ESF will award 156 degrees, including 48 master's degrees and 14 Doctor of Philosophy degrees, during the 2016 December Commencement 2 p.m. Dec. 9 at Hendricks Chapel.

During commencement the President's Medal will be presented to David Doubilet and Jennifer Hayes, a photographic team for National Geographic. This honor is awarded at the discretion of the ESF president and recognizes individuals who have made extraordinary contributions to science, humanity and the natural world.

Three alumni will also be honored during commencement. Graduate of Distinction Awards will be bestowed upon Dr. Richard A. Birdsey '76, Robyn A. Niver '97 and Theresa L. Evans '09.

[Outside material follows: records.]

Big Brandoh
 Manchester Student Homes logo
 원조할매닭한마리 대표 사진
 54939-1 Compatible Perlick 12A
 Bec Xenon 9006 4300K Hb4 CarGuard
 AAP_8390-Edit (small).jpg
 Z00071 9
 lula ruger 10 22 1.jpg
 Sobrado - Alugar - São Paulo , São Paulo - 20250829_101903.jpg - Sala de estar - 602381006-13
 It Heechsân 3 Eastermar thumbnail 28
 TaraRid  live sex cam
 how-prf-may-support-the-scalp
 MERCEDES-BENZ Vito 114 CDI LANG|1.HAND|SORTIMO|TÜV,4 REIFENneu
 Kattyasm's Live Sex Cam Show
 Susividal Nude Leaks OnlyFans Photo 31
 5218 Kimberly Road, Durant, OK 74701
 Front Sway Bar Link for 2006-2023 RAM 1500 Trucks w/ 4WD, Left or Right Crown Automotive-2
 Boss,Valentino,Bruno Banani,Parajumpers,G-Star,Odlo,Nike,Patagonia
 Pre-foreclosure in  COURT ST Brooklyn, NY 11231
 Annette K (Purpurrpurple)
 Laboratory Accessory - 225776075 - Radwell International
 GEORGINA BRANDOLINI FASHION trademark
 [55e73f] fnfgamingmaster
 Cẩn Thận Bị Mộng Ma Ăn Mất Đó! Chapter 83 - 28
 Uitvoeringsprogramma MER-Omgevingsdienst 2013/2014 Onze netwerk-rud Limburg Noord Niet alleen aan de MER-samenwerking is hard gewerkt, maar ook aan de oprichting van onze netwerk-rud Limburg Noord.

Doubilet's and Hayes' photography serves as a universal language creating a visual voice for a fragile and finite world.

Doubilet began photographing the Atlantic Ocean at age 12 when he put his Brownie Hawkeye camera in a rubber anesthesiologist's bag to take underwater pictures. He received his first National Geographic assignment when he was a student at Boston University.

Hayes' passion for the study and conservation of primitive fishes lead to graduate degrees in zoology/marine ecology and evolved into photography and storytelling to document and share her subjects.

Assignments have taken them to the Pacific Ocean's Coral Triangle, Indonesia, Papua New Guinea and the Philippines. They have photographed beneath Africa's Okavango Delta, and under oil and gas rigs in the Gulf of Mexico. The pair has captured the world of ice in Antarctica, Arctic and Eastern Greenland where glaciers are retreating at a rapid pace. Their most recent collaboration, Cuba – The Caribbean Crown Jewels, appears in the November 2016 issue.

Hayes and Doubilet believe images have the power to inform, illuminate celebrate, honor, humiliate and, most importantly, create change.

Birdsey will be honored with the Graduate of Distinction Lifetime Achievement Award. Birdsey, a distinguished scientist with the U.S. Forest Service, retired in July 2016 after an illustrious four-decade career. He received numerous honors from the U.S. government. Most notably, in 2007 he received a share of a Nobel Peace Prize in recognition for his contributions to the Intergovernmental Panel on Climate Change.

Birdsey's research team developed the concept of using forests to help mitigate climate change through sustainable management and pioneered the methodology for monitoring and reporting changes in forest carbon based on national forest inventories, an approach now globally recognized as the best way for nations to report their forest greenhouse gas emissions.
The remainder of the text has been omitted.